### Records supplied ###

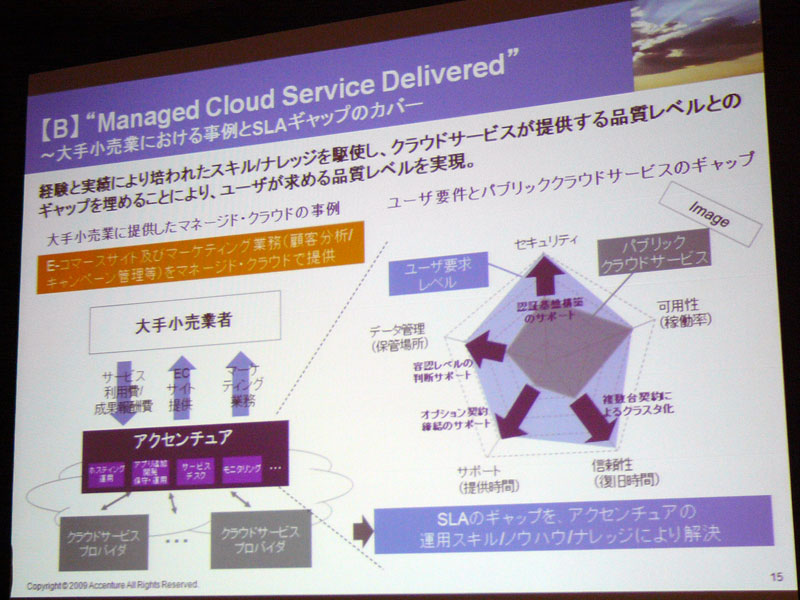 <strong>Managed Cloud Service Deliveredの概要</strong>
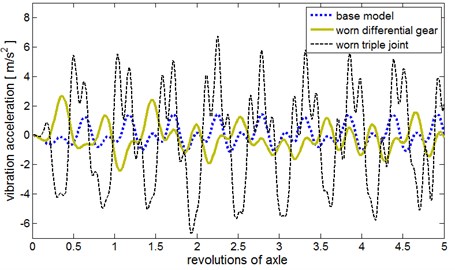 Filtered and synchronously averaged waveforms for  the reference model, worn differential gear and worn triple joint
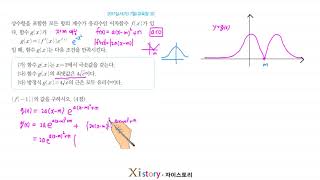 2017년 7월 고3 학력평가(모의고사) 수학 30번(가형)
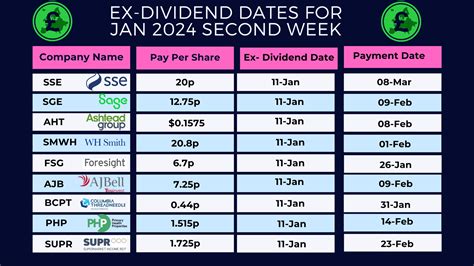 sgiix|sgiix dividend dates.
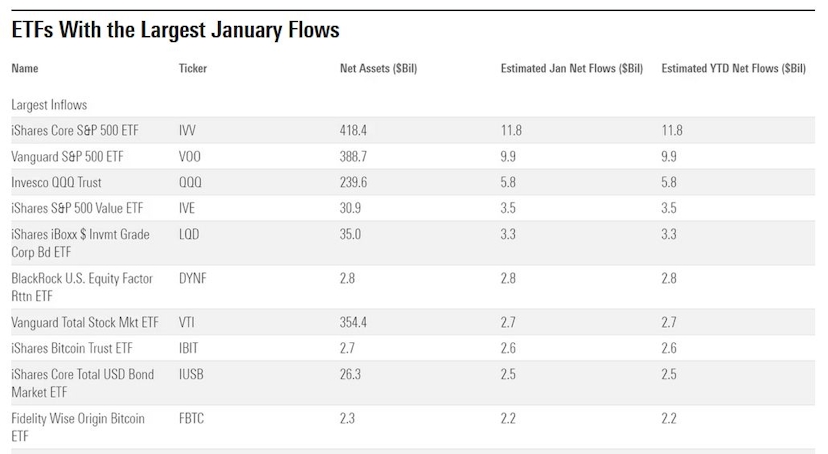 ETF January Flows chart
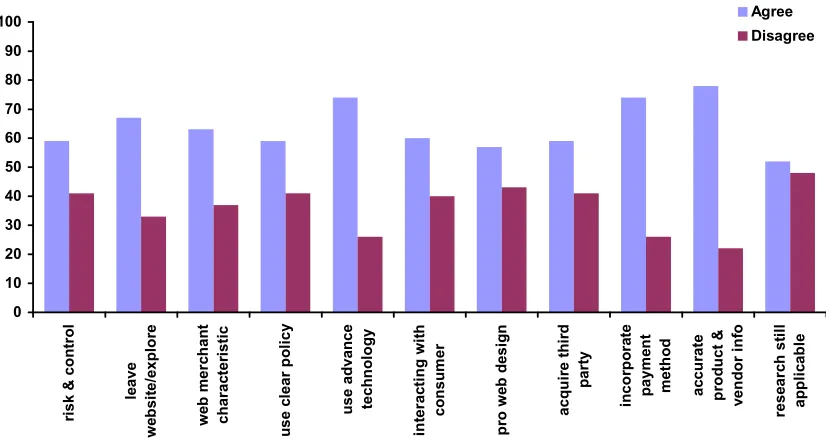 Figure 4.2: Online survey result in graphical representation 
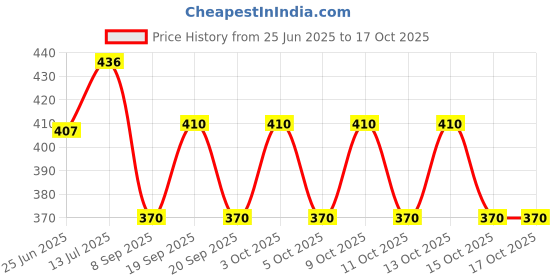 flipkart.com supersquad Pack of 3 Printed Men Boxer supersquad Price History Graph from 25 Jun 2025 to 15 Oct 2025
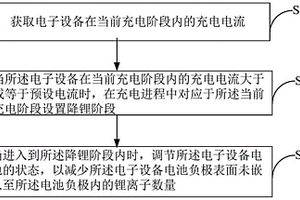 充电控制方法及装置、电子设备及计算机存储介质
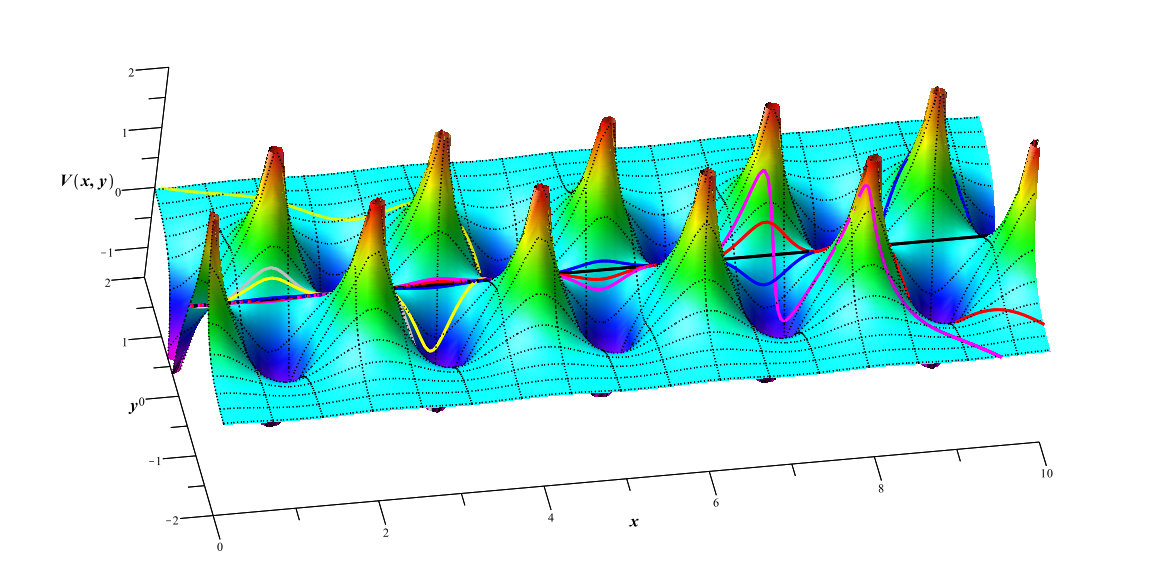 Figure 7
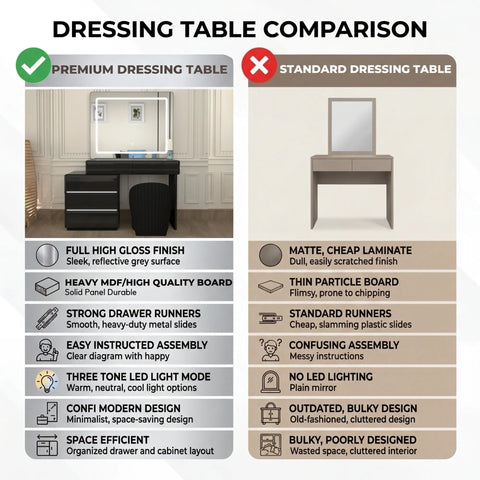 Nicosia Dressing Table
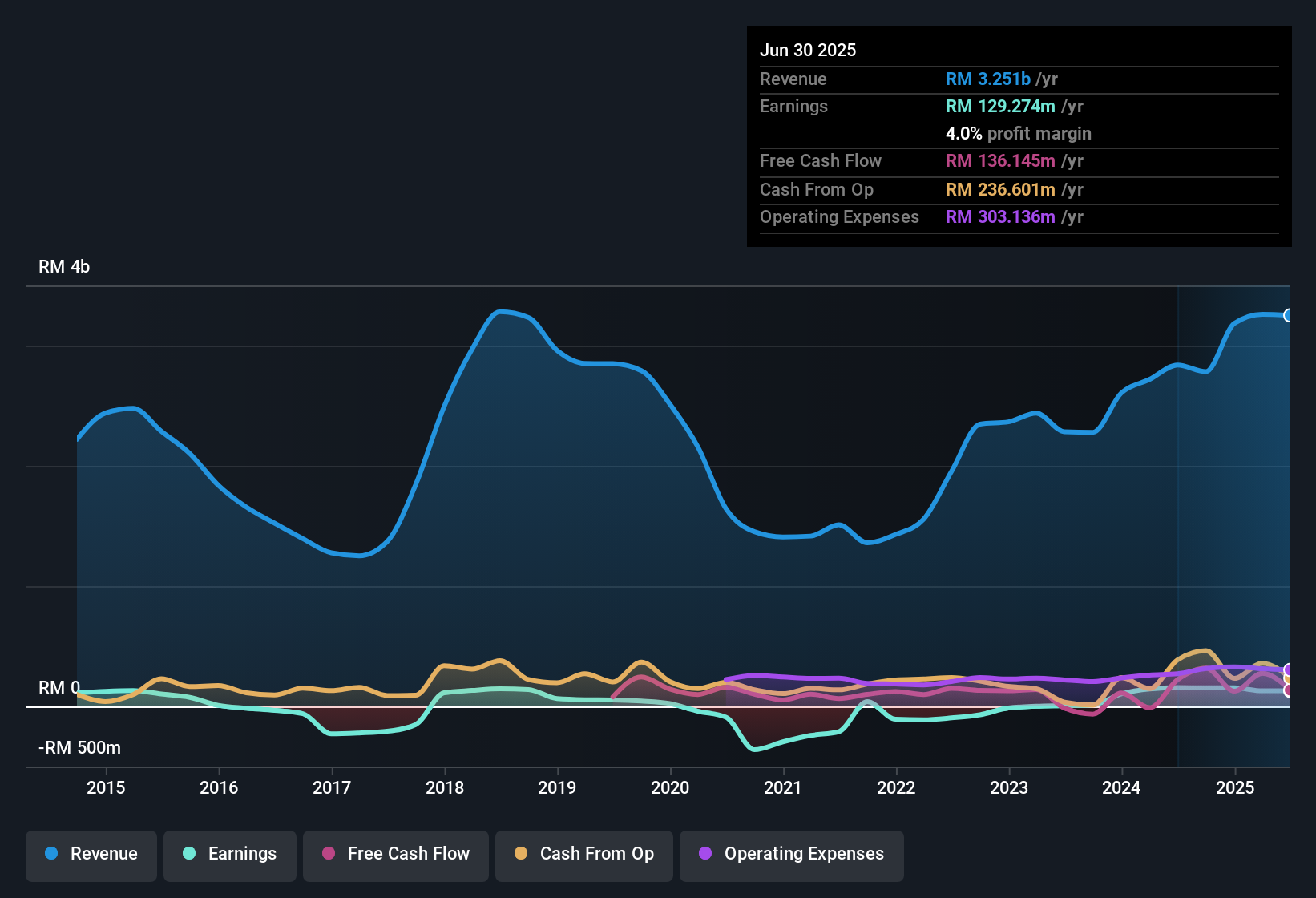 earnings-and-revenue-history
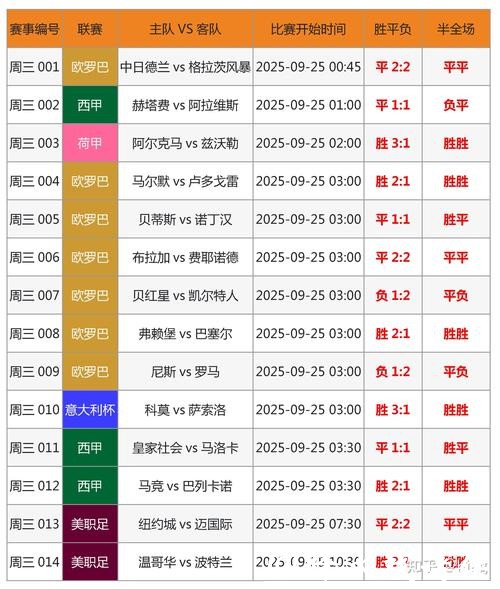 世界杯买球入口：世界杯盘口怎么分析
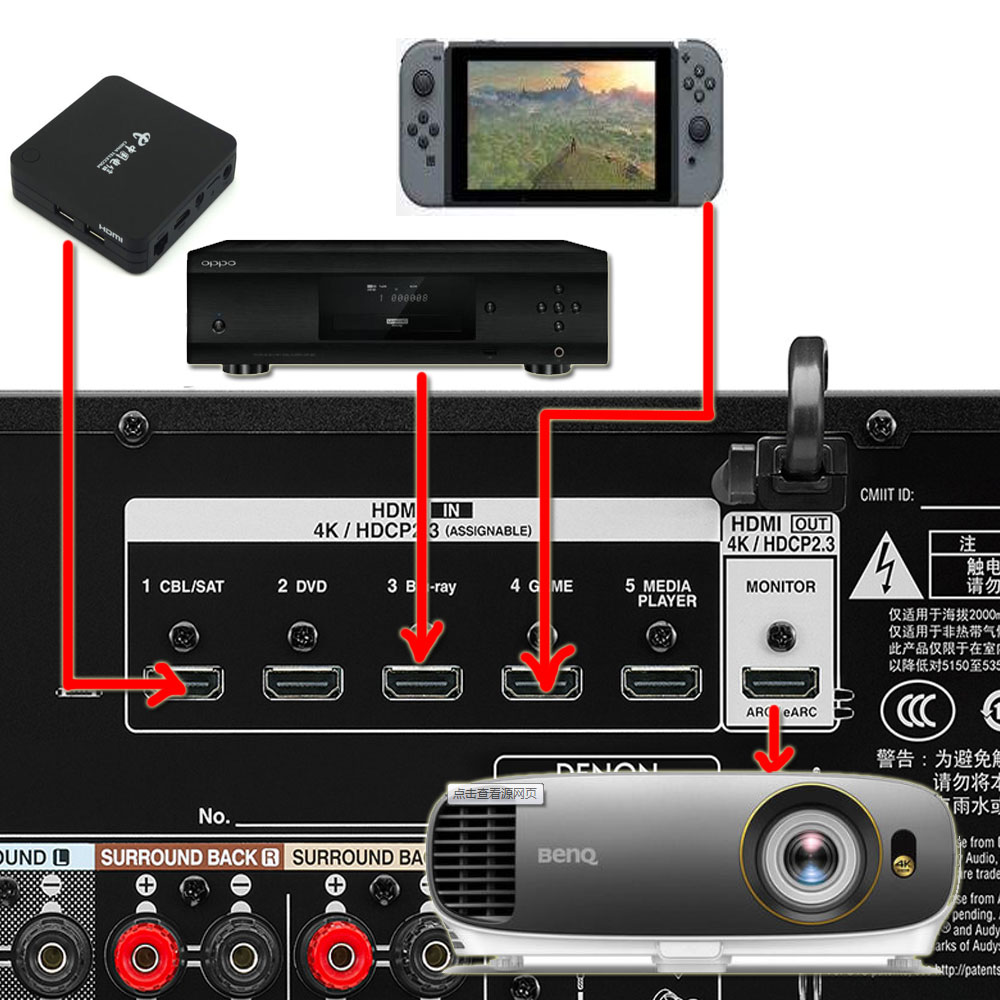 4k游戏机机顶盒怎么接电视机,游戏机怎么连电视机顶盒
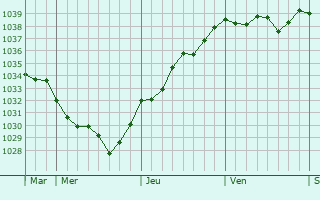 Graphe de la pression atmosphérique prévue pour Lénault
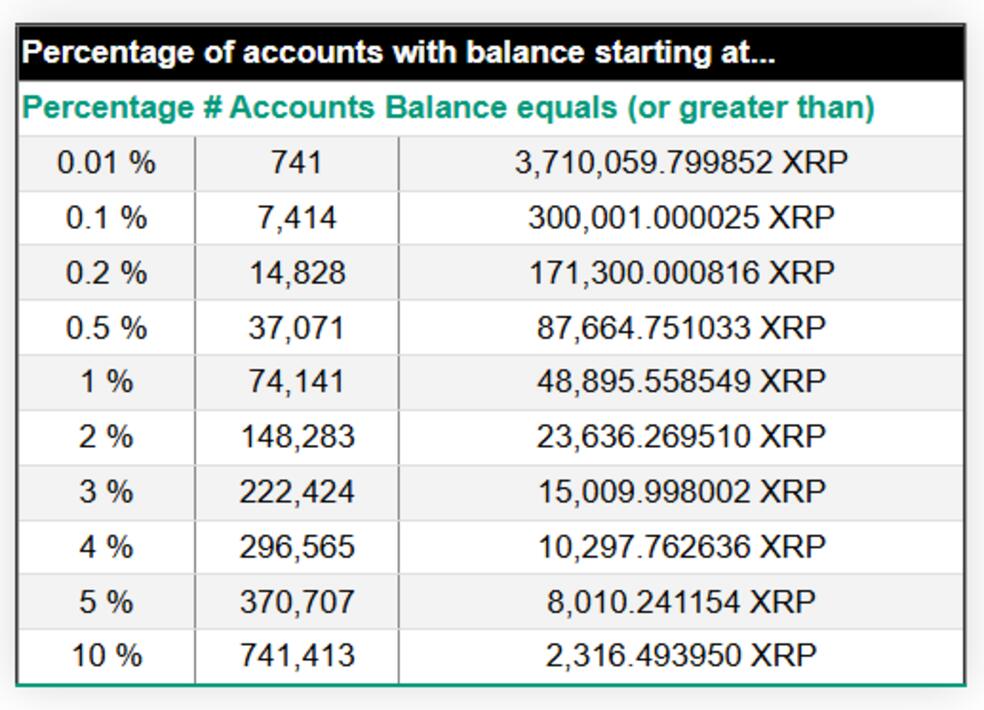 1.1 31 با چند XRP می‌توان بازنشسته شد؟ نگاهی به لیست ثروتمندان در بازه ۱۰ ساله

###

### About this exercise
The whole listing above is to be printed exactly; the pictures stay out.

### Task response
 <strong>Managed Cloud Service Deliveredの概要</strong>
 Filtered and synchronously averaged waveforms for  the reference model, worn differential gear and worn triple joint
 2017년 7월 고3 학력평가(모의고사) 수학 30번(가형)
 sgiix|sgiix dividend dates.
 ETF January Flows chart
 Figure 4.2: Online survey result in graphical representation 
 flipkart.com supersquad Pack of 3 Printed Men Boxer supersquad Price History Graph from 25 Jun 2025 to 15 Oct 2025
 充电控制方法及装置、电子设备及计算机存储介质
 Figure 7
 Nicosia Dressing Table
 earnings-and-revenue-history
 世界杯买球入口：世界杯盘口怎么分析
 4k游戏机机顶盒怎么接电视机,游戏机怎么连电视机顶盒
 Graphe de la pression atmosphérique prévue pour Lénault
 1.1 31 با چند XRP می‌توان بازنشسته شد؟ نگاهی به لیست ثروتمندان در بازه ۱۰ ساله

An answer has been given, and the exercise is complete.